Moe : Je joue sur une Gibson Blues King 6 cordes, une Martin 12 cordes, une National Suprosteel et une mandoline qui n'a pas de marque.
Jolly : J'utilise des harmonicas Hohner, marine band et bluesharp, un kazoo Zobo et une guitare Takamine.
Sur votre site web, on peut lire que vous vous rendez dans les écoles pour promouvoir le blues dans les classes d'histoire et de musique. Quelle est votre démarche ?

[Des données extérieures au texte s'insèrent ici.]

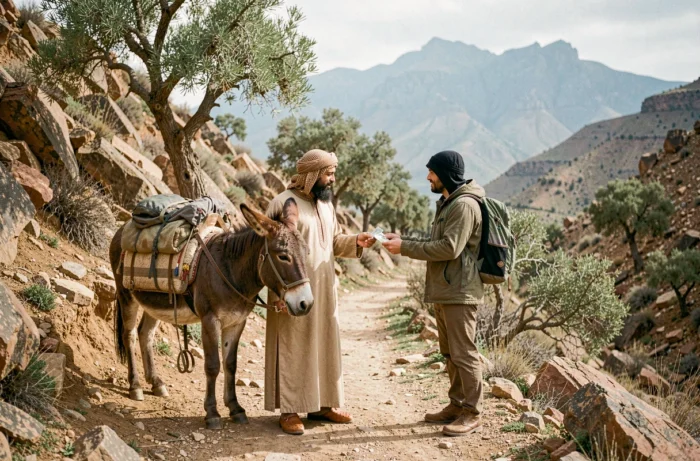 Guide touristique marocain en djellaba recevant un pourboire d'un randonneur dans les montagnes de l'Atlas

Moe et Jolly : Oui, nous avons fait ça quelques fois. Vous savez, en fait l'histoire du blues, c'est l'histoire de la musique rock. Vous ne pouvez pas parler aux gamins de but en blanc de Robert Johnson, mais quand vous leur dites que Led Zeppelin et les Stones ont enregistré ses chansons, là ils écoutent ! Nous parlons aussi du racisme, de l'esclavage et du lynchage dans nos interventions. Nous mélangeons ainsi histoire et musique.
Quelque chose à ajouter ?
Moe et Jolly : Nous aimerions dire que notre boisson favorite est le Gin & Tonic !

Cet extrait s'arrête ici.